The Best (and Worst) Clean Dad Jokes for All Ages 👋

Enjoy a collection of clean dad jokes for all ages that are perfect for family-friendly fun! These jokes are lighthearted, pun-filled, and guaranteed to bring smiles without any risk of embarrassment. Whether you’re telling them to kids, grandparents, or anyone in between, our clean dad jokes are the ideal way to keep the laughter going in any setting. Explore the funniest and most wholesome dad jokes that everyone can enjoy!

What's orange and sounds like a parrot? A carrot!

When my wife is depressed I let her color in my tattoos. She just wants a shoulder to crayon.

Why do standup comedians perform poorly in Hawaii? Because the audience only responds in a low ha.

Bruce Lee was fast, but he had an even faster brother… Sudden Lee.

What do a tick and the Eiffel Tower have in common?' 'They're both Paris sites.'

Why do balloons hate Ed Sheeran concerts? They are afraid of pop music.

If sweet dreams are made of cheese… Who am I to dis-a-brie?
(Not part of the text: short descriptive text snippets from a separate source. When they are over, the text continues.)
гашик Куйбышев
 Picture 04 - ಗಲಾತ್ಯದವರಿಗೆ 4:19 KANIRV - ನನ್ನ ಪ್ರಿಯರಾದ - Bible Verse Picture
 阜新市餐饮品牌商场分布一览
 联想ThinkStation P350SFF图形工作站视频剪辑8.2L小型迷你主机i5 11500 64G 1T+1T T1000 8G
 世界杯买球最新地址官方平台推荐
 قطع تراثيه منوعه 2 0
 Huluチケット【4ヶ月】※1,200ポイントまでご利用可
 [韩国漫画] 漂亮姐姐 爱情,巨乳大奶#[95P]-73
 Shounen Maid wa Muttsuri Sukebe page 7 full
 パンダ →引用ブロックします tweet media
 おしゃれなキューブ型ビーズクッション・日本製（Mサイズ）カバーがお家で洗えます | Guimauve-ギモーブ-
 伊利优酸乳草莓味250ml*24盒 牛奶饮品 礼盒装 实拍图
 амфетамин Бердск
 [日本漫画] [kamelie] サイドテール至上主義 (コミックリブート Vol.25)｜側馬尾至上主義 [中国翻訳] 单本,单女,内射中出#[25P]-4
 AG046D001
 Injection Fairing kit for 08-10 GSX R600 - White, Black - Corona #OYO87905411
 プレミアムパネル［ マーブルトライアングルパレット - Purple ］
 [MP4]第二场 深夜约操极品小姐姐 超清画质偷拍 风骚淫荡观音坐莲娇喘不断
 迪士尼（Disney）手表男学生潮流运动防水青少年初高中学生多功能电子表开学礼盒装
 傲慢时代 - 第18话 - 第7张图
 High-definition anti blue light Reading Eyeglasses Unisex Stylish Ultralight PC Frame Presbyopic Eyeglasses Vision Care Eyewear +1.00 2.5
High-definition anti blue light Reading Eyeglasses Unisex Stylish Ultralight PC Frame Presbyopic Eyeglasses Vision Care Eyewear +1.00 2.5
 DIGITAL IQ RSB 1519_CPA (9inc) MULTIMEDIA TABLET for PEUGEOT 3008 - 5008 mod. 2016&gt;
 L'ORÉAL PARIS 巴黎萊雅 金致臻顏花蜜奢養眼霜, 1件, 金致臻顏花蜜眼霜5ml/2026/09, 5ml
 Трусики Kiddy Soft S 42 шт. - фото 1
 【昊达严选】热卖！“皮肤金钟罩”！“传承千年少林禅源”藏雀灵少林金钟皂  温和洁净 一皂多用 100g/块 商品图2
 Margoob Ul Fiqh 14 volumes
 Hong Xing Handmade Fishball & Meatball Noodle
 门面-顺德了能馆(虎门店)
How many apples grow on a tree? All of them!

Of all the inventions of the last 100 years, the dry erase board has to be the most remarkable.

My wife told me she didn't understand cloning. I told her, 'That makes two of us.'

Dad, can you put my shoes on?' 'No, I don't think they'll fit me.'

I’m on a seafood diet. I see food and I eat it!

Have you heard about the new corduroy pillows — they're making headlines!

My daughter just shrieked at me, “Daaaaaad, you haven’t listened to a word I’ve said, have you?” What an odd way to begin a conversation.

What do you call a fake noodle? An impasta.